The year, I’m guessing, was 1973.  And it must have been late in the year because I remember the threat of rain throughout the day; Brasilia’s dry season had come and gone.

At the Summer Olympics the year before, the USA men’s basketball team had suffered a controversial and ignominious defeat at the hands of the USSR during the final match in Munich.  The Soviet players went home with gold medals and the Americans went home with…nothing: they refused to attend the medal ceremony or even accept their silver medals which, nearly 45 years later, are still being held by the International Olympic Committee, awaiting a change of heart by Team USA.

But the early 1970s was also the height of détente, the slow thawing of Cold War relationships, chief among them those nations which held nuclear arsenals.  Leonid Brezhnev, leader of the USSR, and US President Richard Nixon met in Washington in June 1973, one of the high-water marks of the process.

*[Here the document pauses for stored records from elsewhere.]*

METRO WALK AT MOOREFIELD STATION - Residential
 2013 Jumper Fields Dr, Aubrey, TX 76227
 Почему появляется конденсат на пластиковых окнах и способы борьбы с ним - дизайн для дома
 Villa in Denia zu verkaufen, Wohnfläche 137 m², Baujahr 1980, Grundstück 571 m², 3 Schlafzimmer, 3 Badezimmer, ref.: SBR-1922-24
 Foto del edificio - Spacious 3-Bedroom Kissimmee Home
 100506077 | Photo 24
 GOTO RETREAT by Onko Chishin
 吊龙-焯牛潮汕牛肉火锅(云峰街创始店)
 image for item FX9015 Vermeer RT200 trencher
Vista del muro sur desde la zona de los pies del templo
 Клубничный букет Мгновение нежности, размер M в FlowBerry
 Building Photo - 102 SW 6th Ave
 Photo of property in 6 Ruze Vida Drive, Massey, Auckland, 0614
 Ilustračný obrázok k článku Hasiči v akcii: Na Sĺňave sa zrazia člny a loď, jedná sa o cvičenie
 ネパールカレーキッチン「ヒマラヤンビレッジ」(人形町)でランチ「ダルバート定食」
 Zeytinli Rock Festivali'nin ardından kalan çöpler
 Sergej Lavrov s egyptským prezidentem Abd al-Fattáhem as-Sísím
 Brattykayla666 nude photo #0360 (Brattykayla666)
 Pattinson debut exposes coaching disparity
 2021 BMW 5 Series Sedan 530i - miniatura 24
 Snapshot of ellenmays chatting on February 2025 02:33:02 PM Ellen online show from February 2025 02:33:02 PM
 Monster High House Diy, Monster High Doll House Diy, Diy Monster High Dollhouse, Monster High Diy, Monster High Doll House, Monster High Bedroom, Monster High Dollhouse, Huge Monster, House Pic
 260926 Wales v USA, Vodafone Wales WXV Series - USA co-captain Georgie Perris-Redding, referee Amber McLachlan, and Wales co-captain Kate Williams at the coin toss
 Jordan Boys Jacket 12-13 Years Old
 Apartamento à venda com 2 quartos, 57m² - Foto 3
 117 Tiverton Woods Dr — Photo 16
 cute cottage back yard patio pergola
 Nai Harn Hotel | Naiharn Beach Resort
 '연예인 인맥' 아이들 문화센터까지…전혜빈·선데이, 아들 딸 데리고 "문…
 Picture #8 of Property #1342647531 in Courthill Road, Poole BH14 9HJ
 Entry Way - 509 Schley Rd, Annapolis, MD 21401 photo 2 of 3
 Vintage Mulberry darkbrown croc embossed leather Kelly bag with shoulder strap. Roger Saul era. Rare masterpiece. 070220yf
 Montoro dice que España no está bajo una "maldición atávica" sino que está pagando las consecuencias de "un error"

In that spirit, with the Americans still bruised and sulking about a basketball game, and yet both nations looking for opportunities for gestures of good will, someone at the US Embassy in Brasilia came up with the idea of challenging the Soviet Embassy to a friendly basketball game.  A rematch.  Our embassy staff against yours.

Surprisingly, the offer was engaged.

The capital city of Brazil, Brasilia, was largely built in the 1960s, and among its planned oddities – a city of half a million people laid out in the pattern of a giant airplane and having no traffic lights? – was the fact that the embassies were allocated space based on the perceived importance of each nation to the people of Brazil.  So the closest embassy to the centre of government is that of the Vatican.  The second closest is Portugal, the mother country.  Third and fourth are toss-ups:  the USA and USSR.  It would have been easy enough for the one group of diplomats to walk to the other embassy after work – the embassies are literally just across the street from each other – but of course that would mean playing the game on partisan soil.  What was needed was a neutral venue that came with a decent basketball court.

And so it was that the compound of SIL – the Summer Institute of Linguistics, where my father had his print shop and where we lived – came to host the USSR v USA Basketball Rematch, Diplomats Edition.

The Americans arrived first, mid-afternoon, filling up the parking lot with their Chevy Suburbans and spilling onto the lawns around the basketball court.  Their team was far from the pencil-pushers we had generally expected; instead, it seemed populated almost entirely with young US Marines, no doubt the security detachment at the embassy, led by a particularly tough and foul-mouthed officer.  They warmed-up with the regimental discipline so typical of American sports teams, doing exercises and drills in unison, looking for all the world like winners.

Time ticked on.  The USSR didn’t show, and the Americans grew both impatient and undiplomatic.  “Those Ruskies, they ain’t nothing but no-good, lying chickens; make a gesture of good will with them and see where it gets you….”  (These are only the more polite of the many comments which were vented.)

In the end the Commies did come.  Late in the afternoon, I and some of the other neighbourhood boys acting as scouts as we stood with our feet on the bottom strand of the wire fence at the edge of the compound, spied a single ZiL limousine stopped on the street below.  Soon a long line of similar ZiLs eased slowly up the street, pulling in behind the first car, and parking where they stood.  Up the pathway came the Soviet team and their supporters, and what was immediately obvious to all was that their security detachment had been left at home; to a man, these men really were middle-aged pencil-pushing diplomats.

The game was a farce. In no time the young American team was winning by double digits, running circles around their Soviet opponents.  But even in winning the Americans could not help but let the unsettled score of the Olympics goad them on to bad behaviour, the brash Marine officer repeatedly picking fights for no apparent reason, glad to have an excuse to let loose another stream of expletives.  One by one, red-faced, huffing and puffing, the Soviet diplomats allowed themselves to be substituted by the SIL men who stood watching from the sidelines, my father – an American – included.

The teams shook hands at the end, the Americans exulting in their victory, high-fiving each other enthusiastically as they threw their gear into the Suburbans, driving off with horns honking in triumph.  The Soviets waited until the Americans were gone, thanked their hosts, and withdrew to their ZiLs, going as they came, disappearing around the corner in a long, dark uniform rank.